Opinion, Berkeley Blogs

Anger leads to mental shortcuts

By Rodolfo Mendoza-Denton

Our emotions play an important role in how we cognitively process information. Anger, in particular, can short-circuit our ability to think through things, and increases our reliance on "heuristics" or mental shortcuts.

What type of mental shortcuts am I referring to? A study by Bodenhausen, Sheppard, and Kramer in 1994 illustrates this point. The researchers had participants vividly recall either an experience that either made them really angry or really sad, and then exposed them to an essay arguing in favor of raising the legal driving age from 16 to 18. The essay that participants read were attributed either to "a group of transportation policy experts at Princeton University" or to "a group of students at Sinclair Community College in New Jersey." In reality, the essays that the participants read were exactly the same, so only the supposed author (the "source") of the message differed. Afterward, all participants were asked how persuaded they had been by the arguments. Now, whereas the sad participants did not differ in how persuaded they were depending on the message source, the angry participants were significantly more persuaded if the (same) message was attributed to the Princeton policy experts.
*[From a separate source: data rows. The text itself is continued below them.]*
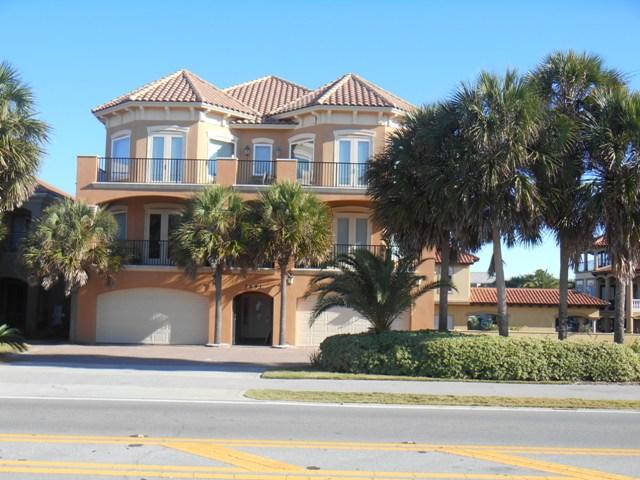 This well maintained 3 story 7BR/7.5BA, 4983 sq. ft. Mediterranean style home offers liberal interior living and entertaining space, magnificent views from several large balconies, elevator, outdoor grill, heated pool and hot tub, generous closet and storage areas, Travertine flooring, tile roof and the list goes on. Did I mention this property is located directly across the street from the most beautiful white sandy beaches and emerald blue water the Gulf of Mexico has to offer. Plus on the North side the property there is 40' of waterfront on Lake Destiny. This Beautiful Vacation Rental property is being sold completely furnished. Considering the owner's heavy use this property has an excellent rental history. If important please verify all dimensions.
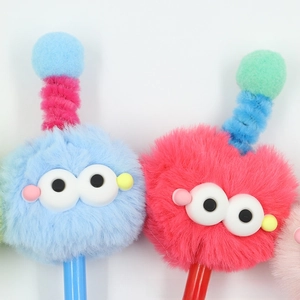 Close-up of cute furry monster pens with plush texture and colorful antenna details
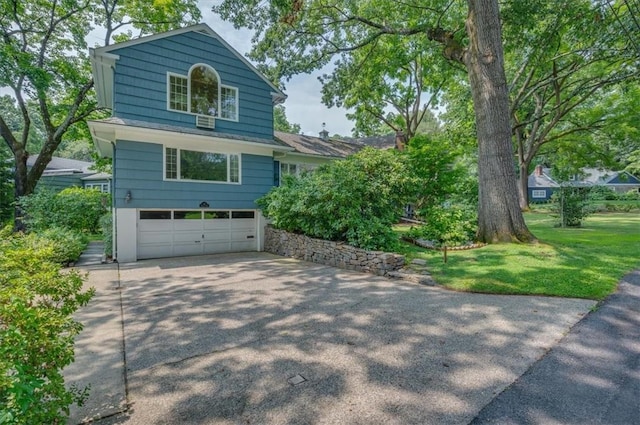 view of side of home with a lawn and a garage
Why the different reactions among angry vs. sad participants? The persuasive messages that the researchers devised could be processed in one of two ways. If participants engaged in systematic information processing, they should think carefully and analytically about the arguments being presented, without being swayed by the message source. If participants engaged in heuristic information processing, by contrast, they should rely more on surface-level features of the message– such as the credibility of the source. The results clearly showed that the angry participants were relying more on the heuristic features of the message, since they found the exact same message more persuasive based on who the message was attributed to.

Whereas sadness is an emotion that tells us there is a need for caution, and thus increases systematic information processing, anger is an emotion that tells us there is a need for quick action, and thus increases heuristic information processing. Thus, when we are angry, we tend to use mental shortcuts to decide whether an argument is right. Source credibility is one such shortcut. Another is the "length is strength" heuristic, in which we decide an argument is stronger or more persuasive only because it is longer.

Yet another type of mental shortcut that people use when they are angry is stereotypes. In the same study by Bodenhausen and colleagues, angry participants were more likely than sad participants to find the same set of evidence as indicative of guilt when a criminal defendant was named as "Juan Garcia" as opposed to "John Garner." Again, the angry participants went with the heuristic– in this case, the stereotype of Latinos as criminal – rather than focusing on the evidence per se.